The stream transducers from the book Function Programming in Scala (FPiS) and Clojure's transducers are quite similar. They are a generalisation of the idea of having a "machine" (step function) to process the input stream into the output stream. FPiS's transducers are called Process
es. Rich Hickey also uses the term process in his introductory talk on transducers in Clojure.
Origins
The design of FPiS's transducers is based on Mealy machines. Mealy machines are said to have:
transition function T : (S, I) -> S
output function G : (S, I) -> O
These functions can be fused together to form:
step: (S, I) -> (S, O)
Heres it's easy to see that the step function operates on the current state of the machine and the next input item to produce the next state of the machine and output item.

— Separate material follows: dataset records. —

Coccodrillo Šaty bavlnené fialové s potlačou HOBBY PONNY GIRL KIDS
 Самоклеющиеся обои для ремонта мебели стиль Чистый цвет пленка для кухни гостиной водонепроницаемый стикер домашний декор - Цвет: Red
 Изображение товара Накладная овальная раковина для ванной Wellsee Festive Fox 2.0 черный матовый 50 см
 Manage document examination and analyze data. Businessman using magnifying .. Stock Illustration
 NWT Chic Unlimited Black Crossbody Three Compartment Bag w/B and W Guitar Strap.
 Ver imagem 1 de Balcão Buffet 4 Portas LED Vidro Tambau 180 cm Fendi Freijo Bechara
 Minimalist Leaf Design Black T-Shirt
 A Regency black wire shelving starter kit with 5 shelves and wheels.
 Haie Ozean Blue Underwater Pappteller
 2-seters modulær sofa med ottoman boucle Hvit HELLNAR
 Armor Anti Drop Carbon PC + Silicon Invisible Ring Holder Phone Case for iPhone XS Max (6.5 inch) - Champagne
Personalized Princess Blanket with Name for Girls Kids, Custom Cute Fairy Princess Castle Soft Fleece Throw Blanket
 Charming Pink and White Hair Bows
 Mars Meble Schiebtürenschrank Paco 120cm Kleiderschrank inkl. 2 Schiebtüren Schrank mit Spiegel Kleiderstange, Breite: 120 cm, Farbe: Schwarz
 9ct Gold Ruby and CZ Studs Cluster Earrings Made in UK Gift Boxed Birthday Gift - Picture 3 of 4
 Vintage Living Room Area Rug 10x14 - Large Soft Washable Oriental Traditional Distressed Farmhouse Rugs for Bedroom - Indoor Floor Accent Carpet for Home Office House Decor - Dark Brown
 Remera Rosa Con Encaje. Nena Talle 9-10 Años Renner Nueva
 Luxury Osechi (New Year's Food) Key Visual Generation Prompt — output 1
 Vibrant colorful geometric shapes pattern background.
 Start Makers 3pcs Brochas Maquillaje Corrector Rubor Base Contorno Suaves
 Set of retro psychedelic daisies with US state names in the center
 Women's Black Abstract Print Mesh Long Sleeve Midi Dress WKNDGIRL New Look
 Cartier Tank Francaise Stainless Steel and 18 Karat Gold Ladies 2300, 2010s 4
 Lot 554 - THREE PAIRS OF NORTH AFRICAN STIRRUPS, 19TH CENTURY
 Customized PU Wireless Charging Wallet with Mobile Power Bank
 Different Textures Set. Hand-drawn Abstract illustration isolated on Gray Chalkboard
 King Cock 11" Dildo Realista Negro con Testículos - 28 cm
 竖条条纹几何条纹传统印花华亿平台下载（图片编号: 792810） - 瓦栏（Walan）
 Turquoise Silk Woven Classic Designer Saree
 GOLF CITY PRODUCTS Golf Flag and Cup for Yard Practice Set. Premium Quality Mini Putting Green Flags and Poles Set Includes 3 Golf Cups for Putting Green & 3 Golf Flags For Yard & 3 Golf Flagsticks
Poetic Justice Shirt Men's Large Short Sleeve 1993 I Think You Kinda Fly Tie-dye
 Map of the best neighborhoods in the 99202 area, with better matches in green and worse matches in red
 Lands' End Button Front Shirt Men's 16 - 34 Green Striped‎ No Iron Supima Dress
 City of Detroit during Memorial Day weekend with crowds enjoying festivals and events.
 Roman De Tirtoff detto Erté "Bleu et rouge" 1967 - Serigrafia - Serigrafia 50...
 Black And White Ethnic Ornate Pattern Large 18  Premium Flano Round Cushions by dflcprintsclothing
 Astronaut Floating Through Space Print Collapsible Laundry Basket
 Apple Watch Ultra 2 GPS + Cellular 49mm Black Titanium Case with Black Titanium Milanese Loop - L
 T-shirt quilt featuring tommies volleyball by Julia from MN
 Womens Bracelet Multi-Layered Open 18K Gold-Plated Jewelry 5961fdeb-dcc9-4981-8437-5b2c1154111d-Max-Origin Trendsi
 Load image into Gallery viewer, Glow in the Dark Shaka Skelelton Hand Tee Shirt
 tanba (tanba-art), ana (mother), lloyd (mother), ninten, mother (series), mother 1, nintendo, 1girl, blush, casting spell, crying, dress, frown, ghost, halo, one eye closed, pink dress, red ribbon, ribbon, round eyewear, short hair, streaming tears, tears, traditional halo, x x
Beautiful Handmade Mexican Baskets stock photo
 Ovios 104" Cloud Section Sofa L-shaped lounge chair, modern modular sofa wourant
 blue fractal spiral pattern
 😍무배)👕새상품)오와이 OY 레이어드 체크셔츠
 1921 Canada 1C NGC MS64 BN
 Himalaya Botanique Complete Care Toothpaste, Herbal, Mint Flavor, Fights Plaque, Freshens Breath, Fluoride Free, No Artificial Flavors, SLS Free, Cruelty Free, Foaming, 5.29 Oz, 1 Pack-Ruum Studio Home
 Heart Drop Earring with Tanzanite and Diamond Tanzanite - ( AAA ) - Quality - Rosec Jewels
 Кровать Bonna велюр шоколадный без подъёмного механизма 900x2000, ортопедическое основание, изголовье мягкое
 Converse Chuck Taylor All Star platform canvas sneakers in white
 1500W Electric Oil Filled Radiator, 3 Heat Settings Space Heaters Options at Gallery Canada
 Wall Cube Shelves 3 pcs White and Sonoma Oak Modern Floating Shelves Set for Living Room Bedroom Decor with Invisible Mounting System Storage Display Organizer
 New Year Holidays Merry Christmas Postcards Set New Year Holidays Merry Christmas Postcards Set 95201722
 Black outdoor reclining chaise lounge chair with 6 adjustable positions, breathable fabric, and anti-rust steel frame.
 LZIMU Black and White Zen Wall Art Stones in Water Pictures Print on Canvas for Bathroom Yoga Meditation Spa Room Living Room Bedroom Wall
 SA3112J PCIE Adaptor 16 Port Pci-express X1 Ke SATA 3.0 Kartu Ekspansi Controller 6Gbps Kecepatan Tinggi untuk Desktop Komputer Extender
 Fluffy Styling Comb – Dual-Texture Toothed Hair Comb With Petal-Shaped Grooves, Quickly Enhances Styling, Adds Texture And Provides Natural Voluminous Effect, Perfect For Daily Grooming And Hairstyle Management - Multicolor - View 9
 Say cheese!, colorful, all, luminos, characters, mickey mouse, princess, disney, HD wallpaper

One of the combinators from FPiS uses such a step function:
trait Process[I, O] {
...
def loop[S, I, O](z: S)(f: (I,S) => (O,S)): Process[I, O]
...
}
This loop
function is essentially the seeded left reduction that Rickey talks about in this slide.
Context agnostic
Both can be used in many different context (such as lists, streams, channels, etc.).
In FPiS transducers, a process type is:
trait Process[I, O]
All it knows about are it's input elements and it's output elements.
In Clojure, it's a similar story. Hickey calls this "fully decoupled".
Composition
Both types of transducers can be composed.
FPiS uses a "pipe" operator
map(labelHeavy) |> filter(_.nonFood)
Clojure uses comp
(comp
(filtering non-food?)
(mapping label-heavy))
Representation
In Clojure:
reducer: (whatever, input) -> whatever
transducer: reducer -> reducer
In FPiS:
// The main type is
trait Process[I, O]
// Many combinators have the type
Process[I, O] ⇒ Process[I, O]
However, FPiS's representation isn't just a function under the hood. It's a case-class (algebraic data type) with 3 variants: Await, Emit, and Halt.
case class Await[I,O](recv: Option[I] => Process[I,O])
case class Emit[I,O](head: O, tail: Process[I,O]
case class Halt[I,O]() extends Process[I,O]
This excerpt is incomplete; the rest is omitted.